WTTGT Writer: Matt Mace
Cristiano Ronaldo, Alexis Sanchez, Frank Ribery and Lionel Messi – all wingers by trade, all goalscorers by nature.
It seems the role of the wide-man has shifted from the provider of goals to the scorer of them, but before you Tweet these superstars, congratulating them on changing the way football is played may I first point you in the direction of Cliff Bastin, the Arsenal legend who revolutionised the role of the ‘wide-man.’
From 1929 to 1946, Bastin was the tormentor of full-backs, yet it was his uncanny ability to find the back of the net that has seen him immortalised by the Arsenal faithful. Mustering 396 appearances and a staggering 178 goals from his wide left position, Bastin is currently third in the Gunners’ all-time leading goal scorers list behind Ian Wright (185 goals from 288 appearances) and Thierry Henry (226 goals from 380 appearances).
Bastin was one of many to flourish under Herbert Chapman’s revolutionary W-M formation which conquered England for five years.
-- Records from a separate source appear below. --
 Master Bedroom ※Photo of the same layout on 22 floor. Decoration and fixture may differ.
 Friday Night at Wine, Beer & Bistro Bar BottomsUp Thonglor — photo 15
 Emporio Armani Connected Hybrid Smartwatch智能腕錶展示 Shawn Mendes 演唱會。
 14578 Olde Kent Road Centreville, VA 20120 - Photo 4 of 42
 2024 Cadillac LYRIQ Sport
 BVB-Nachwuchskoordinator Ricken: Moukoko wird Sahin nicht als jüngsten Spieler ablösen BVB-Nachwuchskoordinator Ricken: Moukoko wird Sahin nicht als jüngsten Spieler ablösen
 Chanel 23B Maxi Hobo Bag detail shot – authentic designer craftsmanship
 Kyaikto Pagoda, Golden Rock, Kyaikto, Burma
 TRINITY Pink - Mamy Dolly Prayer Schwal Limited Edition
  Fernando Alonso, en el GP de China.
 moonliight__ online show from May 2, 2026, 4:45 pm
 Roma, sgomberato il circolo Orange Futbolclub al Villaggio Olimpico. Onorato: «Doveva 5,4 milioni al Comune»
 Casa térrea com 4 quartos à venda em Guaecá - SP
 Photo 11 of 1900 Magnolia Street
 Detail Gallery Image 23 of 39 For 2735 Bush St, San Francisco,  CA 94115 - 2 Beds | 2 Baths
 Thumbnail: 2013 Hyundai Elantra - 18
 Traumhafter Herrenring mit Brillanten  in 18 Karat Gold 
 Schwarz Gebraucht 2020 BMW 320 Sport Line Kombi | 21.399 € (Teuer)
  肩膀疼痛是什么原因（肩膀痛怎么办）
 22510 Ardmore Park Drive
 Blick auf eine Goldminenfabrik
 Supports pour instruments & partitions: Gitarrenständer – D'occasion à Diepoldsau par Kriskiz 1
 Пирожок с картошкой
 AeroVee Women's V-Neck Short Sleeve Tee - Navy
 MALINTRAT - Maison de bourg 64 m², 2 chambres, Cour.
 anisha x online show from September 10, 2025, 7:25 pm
This formation saw Arsenal pick up 4 league titles in 5 seasons (as well as an additional one in 1938), 2 FA Cups and 4 Charity Shields (now known as the Community Shield), largely due to Bastin’s goals.
Despite Chapman’s tactics largely influencing Bastin’s scoring chances, the winger also had Scottish international Alex James to thank due to his endless supply of through balls to the likes of Bastin and Ted Drake.
Signed as a 17 year old after only making 17 appearances for Exeter City, Bastin was already making waves in the Arsenal first-team making over 20 appearances for the Gunners in his first season. International recognition soon followed but Bastin’s international form, under a different formation, was nowhere close to his outstanding performances for The Arsenal.
Bastin could have easily gone on to even greater heights, but whilst reaching his peak at the age of 27, the war intervened. However, Bastin was excused from military service due to his growing deafness, yet strangely Italy were unaware of this and falsely claimed that Bastin was being detained in the country after being captured in the battle of Crete.
After dying in 1991 at the Age of 79, Exeter City F.C named one of the stands at their home ground, St. James’ Park, after him. And whilst his time on earth may have come to an end, his memory will forever be remembered by Arsenal fans young and old.